# My setup :D



## lunascrest (Dec 6, 2006)

My boy's cage...im getting lots of rattie toys for christmas.








Girly's temp. cage...my dad and I are building a good one 








The babie raising cage. The babies are in the igloo!








And last but never the least...The babies at 7 days old! omg they are just getting their fuzzy fur.


----------



## lunascrest (Dec 6, 2006)

omg...I didn't know they were that big of pics lol. sorry.


----------



## Vixie (Jul 21, 2006)

I have the first two cages you've shown.

But one of my girls developed bumblefoot from the wire floors so I took them all out and put in ropes and hammocks and ladders and wooden bird perches.

Cute little pups.


----------



## JennieLove (Jan 2, 2007)

Awww Cute Babies


----------



## lunascrest (Dec 6, 2006)

I usally have towels down but I just got done cleaning them lol.
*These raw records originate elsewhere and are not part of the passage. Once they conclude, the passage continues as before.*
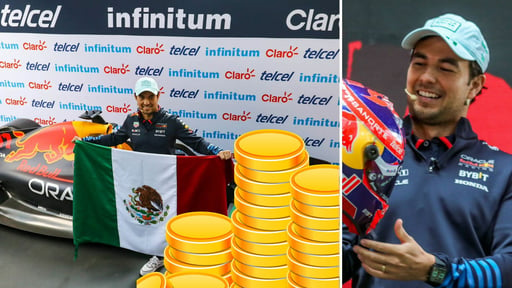 Imagen ¿Cuál fue el salario de Checo Pérez en Red Bull Racing?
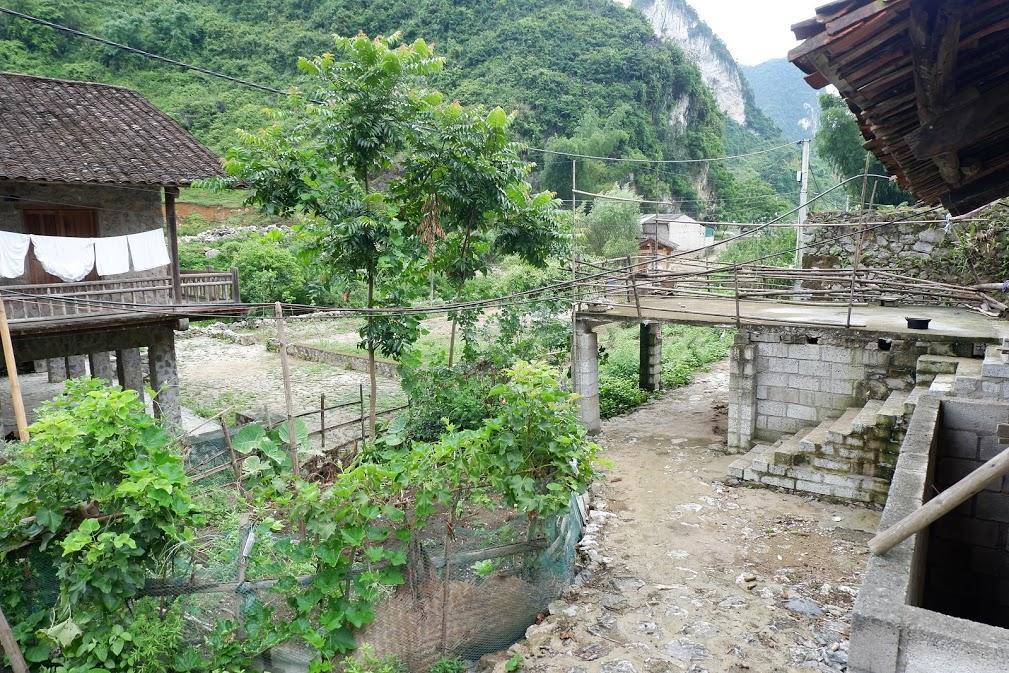A Sy Ban Gioc Homestay - Lang Da Khuoi Ky Каобанг Екстер'єр фото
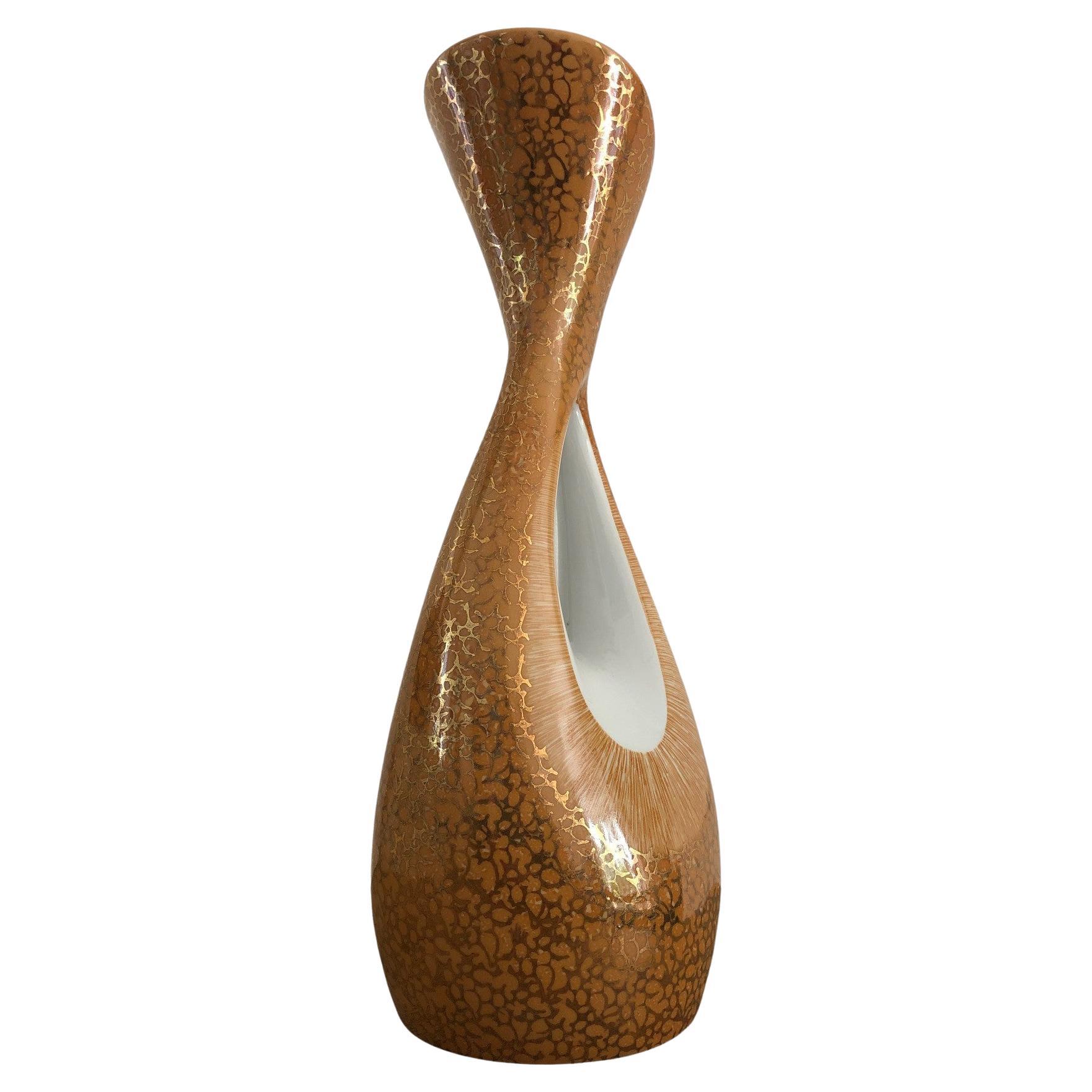 Vase by Zbigniewa Śliwowska-wawrzyniak for Ćmielów, 1960s For Sale
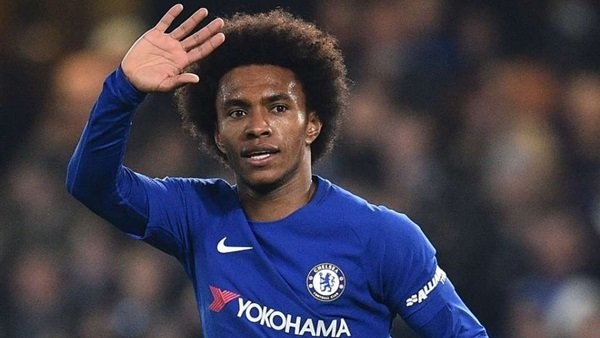 ويليان لاعب تشيلسي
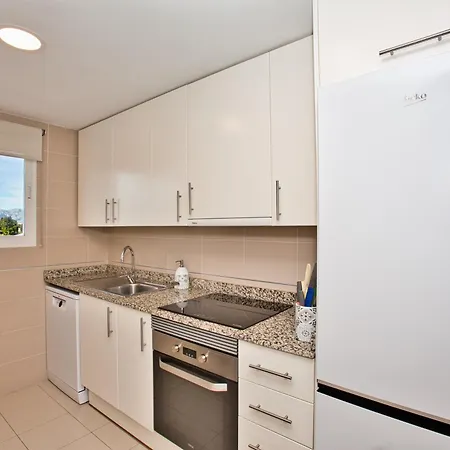 Playa Santa Ana - Comodo Con Piscina, Terraza Y Parking, A 2 Minutos De La Playa דירה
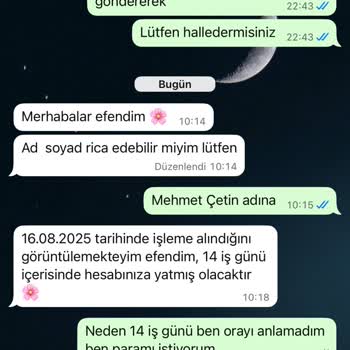 Yanlış Ürün Ve Geciken İade: Müşteri Mağduriyetine Hızlı Çözüm Bekliyorum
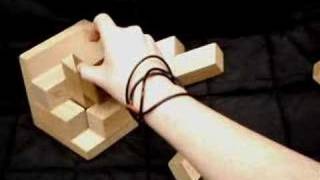 Wooden Rhombohedron Puzzle [upl. by Appilihp]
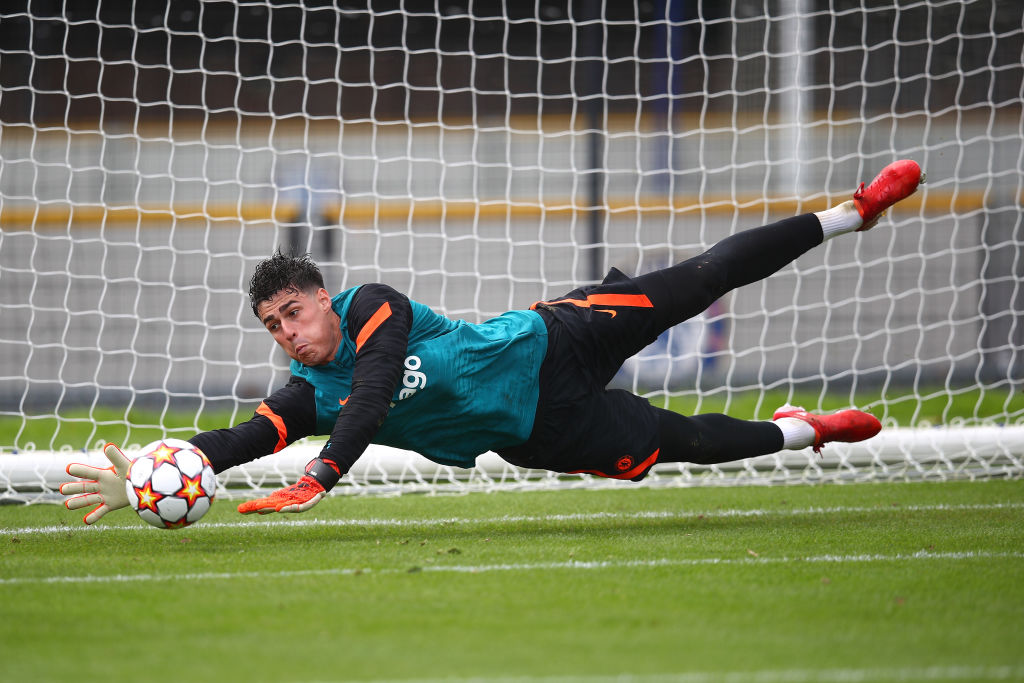 Chelsea Training Session And Press Conference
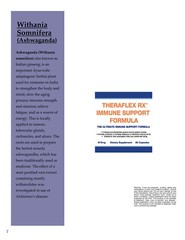 Theraflex RX® Immune Support Formula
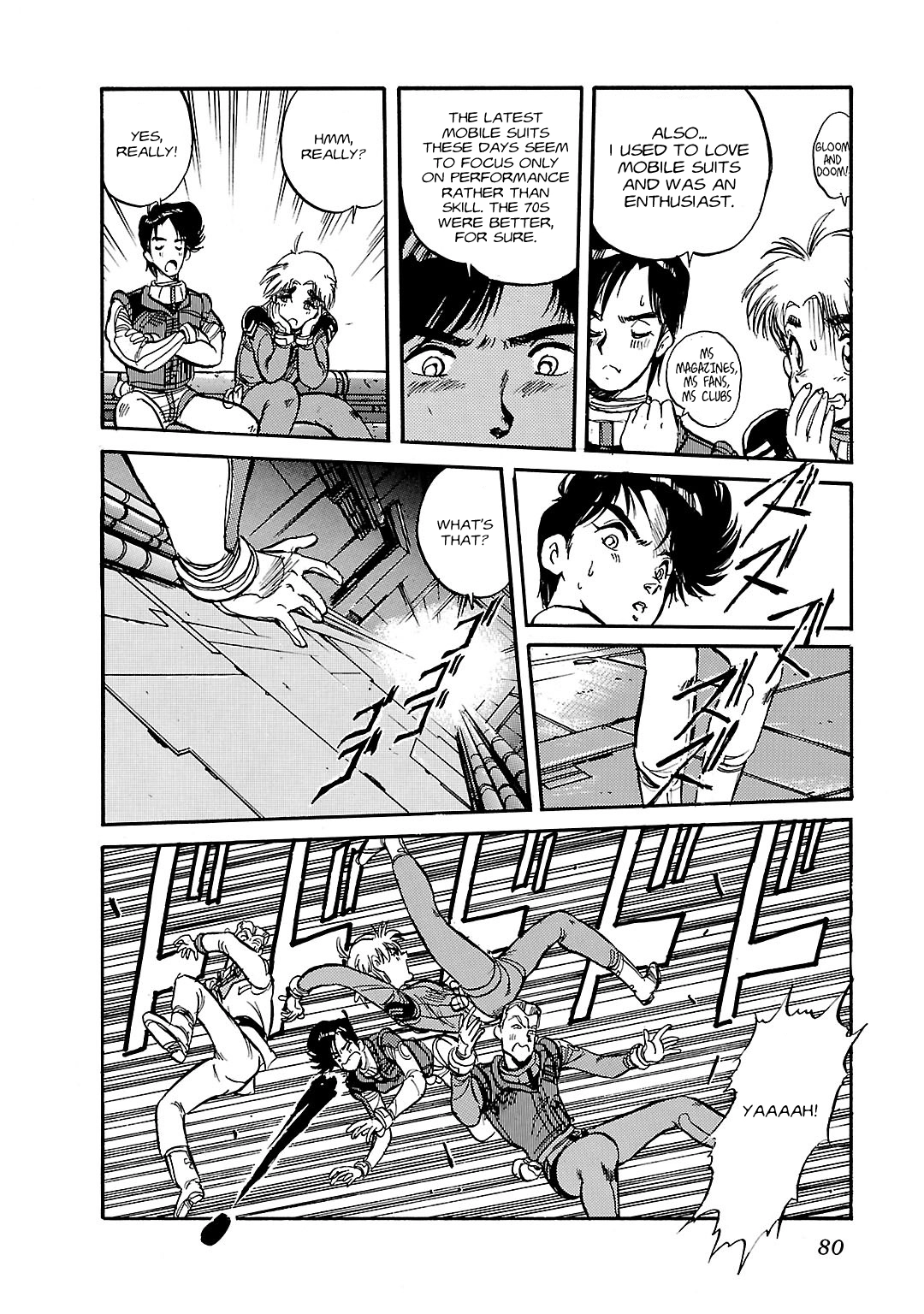 Mobile Suit Gundam F90 Chapter 4 page 19 -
Thats why there are no toys in them either. I now have 2 large cages like the first one and the 2nd cage I use as my spare.


----------



## Vixie (Jul 21, 2006)

lunascrest said:


> I now have 2 large cages like the first one and the 2nd cage I use as my spare.


Woo! That exact cage costs about $130 here, you've gotta be rich. Haha.


----------